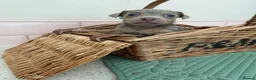 Jack Russell dogs for sale: Much Wenlock stunning puppy  - Advert 22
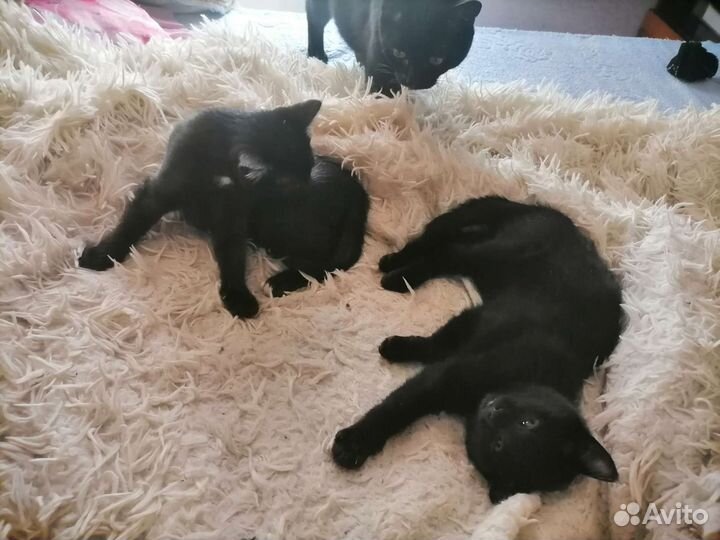 Кошка в дар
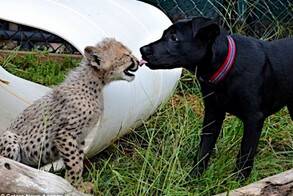 猎豹与狗成好友 好朋友玩耍嬉戏让游客诧异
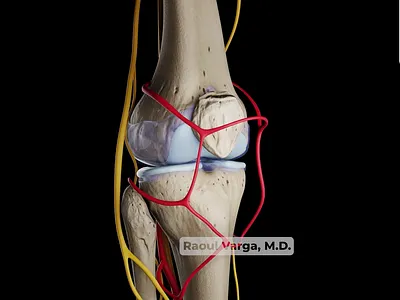 3D Medical Animation: Knee Joint 3d blender knee joint medical animation pain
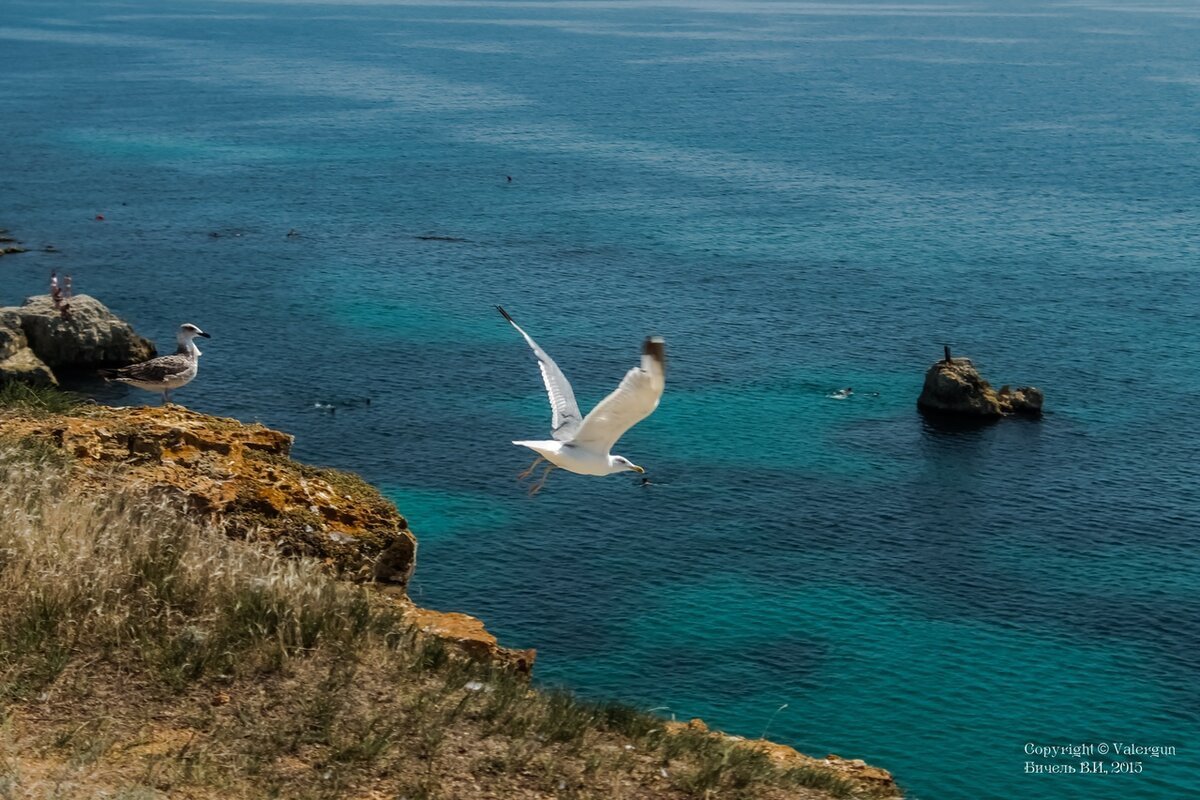 Гора Чайка Крым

-----

**Task statement:**
Restate all of the data word for word and include no pictures.

**Output of the exercise:**
 Jack Russell dogs for sale: Much Wenlock stunning puppy  - Advert 22
 Кошка в дар
 猎豹与狗成好友 好朋友玩耍嬉戏让游客诧异
 3D Medical Animation: Knee Joint 3d blender knee joint medical animation pain
 Гора Чайка Крым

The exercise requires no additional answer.